小学館は偉いっ!!

 今年も2月になってしまった。「ホントに時間が経つのはあっという間だなぁ」なんて言っている人は日本中でゴマンといるんだろうね。私もその一人。なんやかんやしているうちに、1月も終わってしまった。特に昨年、怠けていたので、出版しないとならない本が何本もあって大変なことになっているのです。何せ、昨年は自分史・記念誌含めて5本しか刊行していないからね。今年は1本は既に刊行を終え、5月までに6本を出版する予定。きちんと計画して仕事をしなければならないけど、うまくいかないもんですね。会社は大丈夫かな。頑張らなくちゃね。

 タイトルとは全く違う話題でスタートしてしまったけど、今回は小学館は偉いというお話。

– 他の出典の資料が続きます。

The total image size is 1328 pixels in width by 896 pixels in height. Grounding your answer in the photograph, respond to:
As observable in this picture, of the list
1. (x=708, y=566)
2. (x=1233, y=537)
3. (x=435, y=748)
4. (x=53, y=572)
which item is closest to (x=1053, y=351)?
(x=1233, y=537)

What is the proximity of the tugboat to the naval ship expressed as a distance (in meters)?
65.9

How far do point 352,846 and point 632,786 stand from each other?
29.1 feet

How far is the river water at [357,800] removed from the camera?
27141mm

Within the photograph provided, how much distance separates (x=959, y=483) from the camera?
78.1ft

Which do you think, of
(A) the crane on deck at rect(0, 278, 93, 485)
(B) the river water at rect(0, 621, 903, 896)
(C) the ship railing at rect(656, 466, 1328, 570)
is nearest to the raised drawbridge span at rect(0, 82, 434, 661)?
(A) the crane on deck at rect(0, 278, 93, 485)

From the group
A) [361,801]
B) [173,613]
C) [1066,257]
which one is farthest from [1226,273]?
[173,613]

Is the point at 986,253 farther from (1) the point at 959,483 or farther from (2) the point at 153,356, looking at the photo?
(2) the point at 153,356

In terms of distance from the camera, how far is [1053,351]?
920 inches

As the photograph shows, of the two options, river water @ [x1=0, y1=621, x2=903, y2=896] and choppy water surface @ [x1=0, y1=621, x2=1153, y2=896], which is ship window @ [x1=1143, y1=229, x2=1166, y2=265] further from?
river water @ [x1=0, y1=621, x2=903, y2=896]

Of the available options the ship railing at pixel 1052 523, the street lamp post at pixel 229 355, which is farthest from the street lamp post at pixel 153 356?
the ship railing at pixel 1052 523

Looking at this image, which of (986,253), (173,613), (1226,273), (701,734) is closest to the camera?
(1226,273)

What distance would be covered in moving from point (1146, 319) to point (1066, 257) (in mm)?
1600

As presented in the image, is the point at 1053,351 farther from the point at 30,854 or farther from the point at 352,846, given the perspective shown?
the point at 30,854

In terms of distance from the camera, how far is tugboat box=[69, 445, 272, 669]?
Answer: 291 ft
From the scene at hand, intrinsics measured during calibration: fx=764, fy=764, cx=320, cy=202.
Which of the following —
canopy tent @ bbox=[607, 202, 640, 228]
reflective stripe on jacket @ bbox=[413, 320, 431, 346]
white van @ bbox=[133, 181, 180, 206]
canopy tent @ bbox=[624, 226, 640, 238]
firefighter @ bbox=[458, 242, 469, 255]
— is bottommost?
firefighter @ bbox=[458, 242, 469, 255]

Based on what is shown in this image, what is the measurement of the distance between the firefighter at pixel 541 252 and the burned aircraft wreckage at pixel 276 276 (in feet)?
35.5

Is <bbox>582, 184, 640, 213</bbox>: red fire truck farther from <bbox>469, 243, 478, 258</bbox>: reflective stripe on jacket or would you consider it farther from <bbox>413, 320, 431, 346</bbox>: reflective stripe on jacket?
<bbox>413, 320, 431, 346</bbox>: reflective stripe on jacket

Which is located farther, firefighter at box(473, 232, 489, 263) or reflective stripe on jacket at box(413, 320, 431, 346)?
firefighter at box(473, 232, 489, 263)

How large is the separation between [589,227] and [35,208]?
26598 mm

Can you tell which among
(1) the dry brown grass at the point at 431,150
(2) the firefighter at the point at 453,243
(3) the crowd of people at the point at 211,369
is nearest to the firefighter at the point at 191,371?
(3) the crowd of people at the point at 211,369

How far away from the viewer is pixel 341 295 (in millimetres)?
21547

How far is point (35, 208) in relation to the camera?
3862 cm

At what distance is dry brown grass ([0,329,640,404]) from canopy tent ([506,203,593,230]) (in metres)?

 昨年の11月中旬、三重県沖でフェリーが座礁した事故は記憶に残っている方も多いと思う。そのときの積荷に県内の書店で発売される雑誌や書籍があったことは沖縄タイムスで報道された。人気の高い少年ジャンプなど、入荷が遅れますなどという断りが書店やコンビニに貼られていた。私の定期購読している雑誌も、そのフェリーに積まれていたため、読んだのはだいぶ後になってからだった。知り合いのS店長に聞くと、取り次ぎでいろいろ手配をして、入荷なしになるのだけは避けられたそうだ。ただ、これまで週に2隻のフェリーで入荷していた書籍や雑誌類が、週に1便となってしまったため、これまでのスケジュールが狂ってしまったのだという。考えたら、それはそうだよね。これまでは2隻で運行していたものが1隻になってしまったわけだから、1回に入荷する量がこれまでの2倍になったということだからね。大変だ。

 しかし、あまり混乱らしき混乱がなかったように思えるけど、これは県民性で、楽しみに待っているけど、いつかは読めるんだからノンビリ待っていようということなのかな。実際、私にしたって遅れているのを気づかなかったからね。まぁ、そのときは取り次ぎが大変だったと思うけど、そんな中かつてない英断を下したのが小学館。これもS店長に聞いたのだが、子どもたちが楽しみに待っている『コロコロコミック』がその積荷の中に……。

 全国に配本したあとで、それからかき集めて沖縄へ送るには時間がかかる。そこで、小学館は、エイッとばかりに増刷をすることを決定したのです。その数2000部。簡単に書いたけど、増刷ってそう簡単にできるものではない。まず紙を手配して刷版を再度作り、印刷をしなければならない。それも、印刷のスケジュールは決まっているはずなので、その中に割り込ませることが必要。製本にしても同じ。そして配送の手配。部数だって、県内であれば2000部はまあまあの数だけど、『コロコロコミック』くらいになると、微々たる数字だろう。はっきり言ってだいぶ赤字のはず。何回も書くけど、ホントに小学館は偉い。多分、その『コロコロコミック』を購入した子どもたちは、そんな事情なんてわからなかったと思うけどね。でも、書店員さんたちは嬉しかっただろうね。そして、感謝したと思う。きっとそうだと思う。しかし、フェリーが座礁したことが原因で巻き起こした今回の出来事。

 離島県沖縄の現実を改めて思い知らされた。

 S店長に話を聴いて、本造りの現場から、読者の手に渡るまでの行程をつらつらと考えながら本を読む私なのでありました。